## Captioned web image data
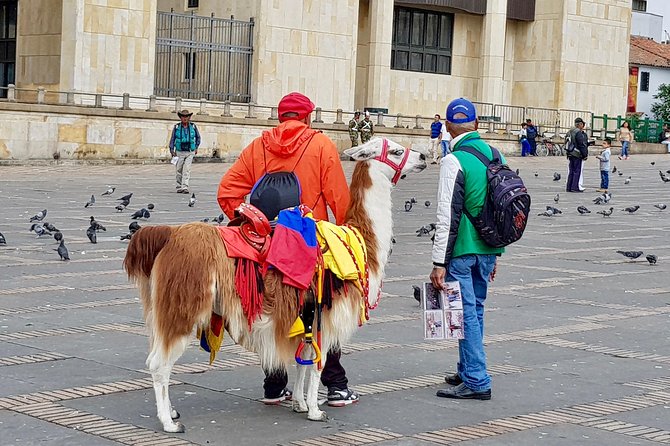 7 Days Bogotá, Villa De Leyva And Barichara - Day 4: Cultural Immersion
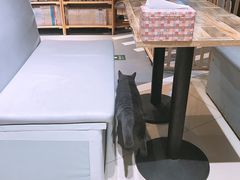 -小时光咖啡馆(开森度假森林店)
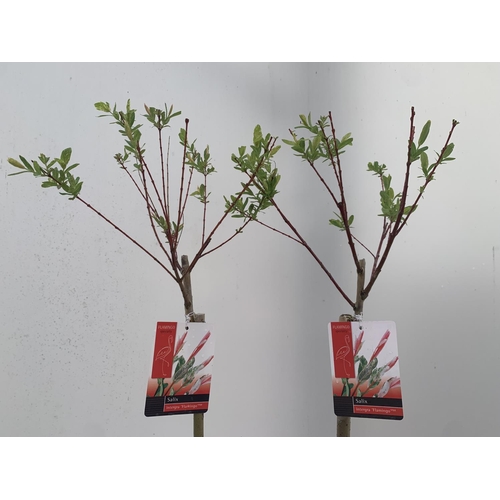 50 - TWO STANDARD SALIX INTEGRA 'FLAMINGO' OVER 110CM IN HEIGHT IN 3 LTR POTS PLUS VAT TO BE SOLD FOR THE... 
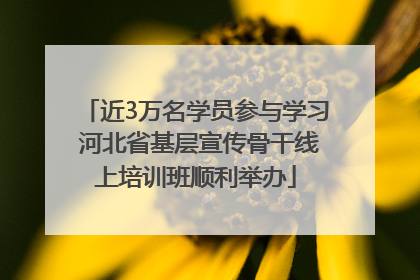 近3万名学员参与学习 河北省基层宣传骨干线上培训班顺利举办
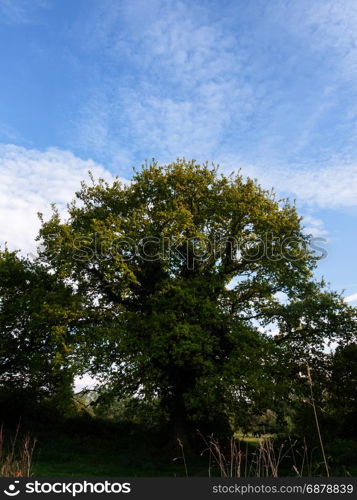 a lovely ripe tree fresh with green leaves nature beauty growing outside spring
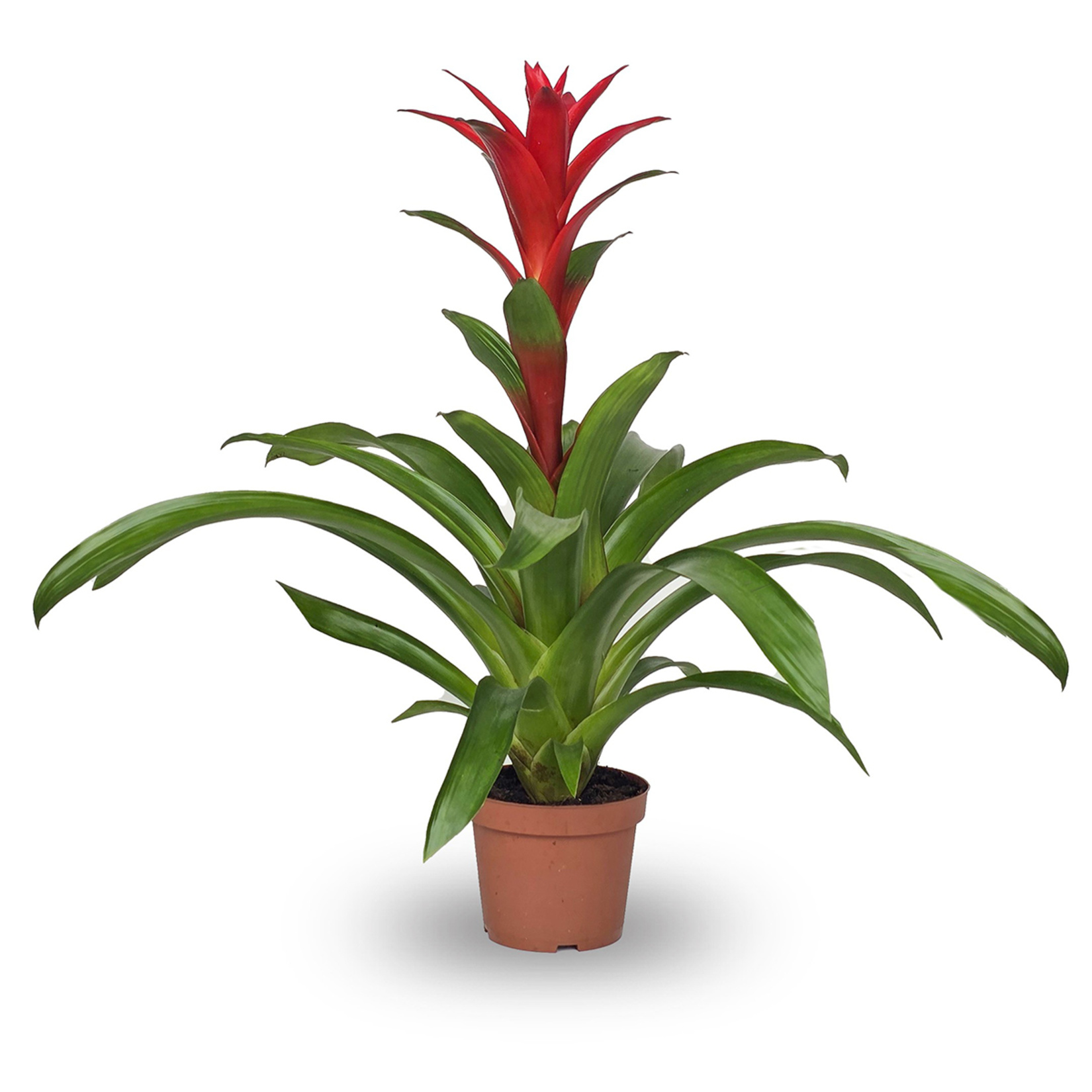 Yanko Guzmania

## Goal of the exercise
Repeat the data above exactly, leaving out any pictures it holds.

## Result for this exercise
 7 Days Bogotá, Villa De Leyva And Barichara - Day 4: Cultural Immersion
 -小时光咖啡馆(开森度假森林店)
 50 - TWO STANDARD SALIX INTEGRA 'FLAMINGO' OVER 110CM IN HEIGHT IN 3 LTR POTS PLUS VAT TO BE SOLD FOR THE... 
 近3万名学员参与学习 河北省基层宣传骨干线上培训班顺利举办
 a lovely ripe tree fresh with green leaves nature beauty growing outside spring
 Yanko Guzmania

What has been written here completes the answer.